The internal parameters speedAcceleration and angularAcceleration are added:

InternalParam Settings{
	speedAcceleration : Double = 150.0
	angularAcceleration : Double = 0.2
}

				

After adding the parameters the code has to be regenerated. Additionally, the code of the "KeyboardInputTask.cc" has to be adapted.
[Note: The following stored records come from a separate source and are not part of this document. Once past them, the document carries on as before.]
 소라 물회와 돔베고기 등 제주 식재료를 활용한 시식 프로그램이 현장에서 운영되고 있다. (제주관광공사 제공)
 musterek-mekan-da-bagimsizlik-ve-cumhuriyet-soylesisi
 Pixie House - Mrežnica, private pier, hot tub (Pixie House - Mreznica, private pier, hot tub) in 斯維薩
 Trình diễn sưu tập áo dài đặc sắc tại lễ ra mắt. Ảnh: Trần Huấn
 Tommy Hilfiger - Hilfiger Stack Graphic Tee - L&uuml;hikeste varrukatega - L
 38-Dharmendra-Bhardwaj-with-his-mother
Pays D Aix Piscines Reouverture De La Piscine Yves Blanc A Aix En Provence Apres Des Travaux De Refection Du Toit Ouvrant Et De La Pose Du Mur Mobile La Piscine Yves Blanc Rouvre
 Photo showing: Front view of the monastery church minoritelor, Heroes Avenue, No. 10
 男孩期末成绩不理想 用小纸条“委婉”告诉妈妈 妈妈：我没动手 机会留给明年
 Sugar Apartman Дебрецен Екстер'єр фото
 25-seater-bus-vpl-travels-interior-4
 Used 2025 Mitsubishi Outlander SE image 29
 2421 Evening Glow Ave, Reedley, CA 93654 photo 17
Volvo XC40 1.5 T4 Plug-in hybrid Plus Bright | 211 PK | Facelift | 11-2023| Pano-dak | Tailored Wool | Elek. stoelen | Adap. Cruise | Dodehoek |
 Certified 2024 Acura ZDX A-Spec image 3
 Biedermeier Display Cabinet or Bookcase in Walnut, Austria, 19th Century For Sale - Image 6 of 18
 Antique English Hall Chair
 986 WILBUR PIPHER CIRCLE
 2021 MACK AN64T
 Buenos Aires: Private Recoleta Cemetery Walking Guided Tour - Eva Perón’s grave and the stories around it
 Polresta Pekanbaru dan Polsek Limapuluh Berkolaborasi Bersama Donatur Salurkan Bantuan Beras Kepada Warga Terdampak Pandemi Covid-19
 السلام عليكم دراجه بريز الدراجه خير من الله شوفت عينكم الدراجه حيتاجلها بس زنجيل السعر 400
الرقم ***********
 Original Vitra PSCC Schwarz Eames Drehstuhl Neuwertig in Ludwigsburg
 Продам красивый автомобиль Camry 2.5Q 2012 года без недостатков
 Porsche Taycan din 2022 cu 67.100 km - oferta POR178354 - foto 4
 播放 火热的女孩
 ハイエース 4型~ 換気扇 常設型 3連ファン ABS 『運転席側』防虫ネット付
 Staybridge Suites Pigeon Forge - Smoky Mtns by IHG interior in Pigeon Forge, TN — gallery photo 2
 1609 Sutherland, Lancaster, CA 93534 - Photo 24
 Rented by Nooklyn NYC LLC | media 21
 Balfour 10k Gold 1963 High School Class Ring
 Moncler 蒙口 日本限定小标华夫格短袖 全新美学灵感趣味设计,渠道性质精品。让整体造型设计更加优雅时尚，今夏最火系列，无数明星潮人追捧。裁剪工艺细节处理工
The values 150 and 0.2 have to be exchanged by the corresponding parameters:

int KeyboardInputTask::on_execute()
{
	ParameterStateStruct::SettingsType localstate = COMP->getGlobalState().getSettings();
	if(kbhit()) {
		char c = getchar();

		/*Arrow keys*/
		if (c == '\033') { // if the first value is esc
			getchar(); // skip the [
			switch(getchar()) { // the real value
				case 'A':
					std::cout << "Accelerating" << std::endl;
					x += localstate.getSpeedAcceleration();
					break;
				case 'B':
					std::cout << "Decreasing speed" << std::endl;
					x -= localstate.getSpeedAcceleration();
					break;
				case 'C':
					std::cout << "Shifting steering to right" << std::endl;
					omega -= localstate.getAngularAcceleration();
					break;
				case 'D':
					std::cout << "Shifting steering to left" << std::endl;
					omega += localstate.getAngularAcceleration();
					break;
			}
		/*WASD*/
		}else if(c == 'w') {
			std::cout << "Accelerating" << std::endl;
			x += localstate.getSpeedAcceleration();
		} else if (c == 'd') {
			std::cout << "Shifting steering to right" << std::endl;
			omega -= localstate.getAngularAcceleration();
		} else if (c == 'a') {
			std::cout << "Shifting steering to left" << std::endl;
			omega += localstate.getAngularAcceleration();
		} else if (c == 's') {
			std::cout << "Decreasing speed" << std::endl;
			x -= localstate.getSpeedAcceleration();
		} else if (c == 'q') {
			std::cout << "Emergency fullstop" << std::endl;
			x = 0;
			omega = 0;
		}
	}
	vel.set_vX(x);
	vel.set_omega(omega);

	CHS::StatusCode status = COMP->navVelSendClient->send(vel);
}
				

With this the component modeling and implementation is done and the new component can be build (cmake).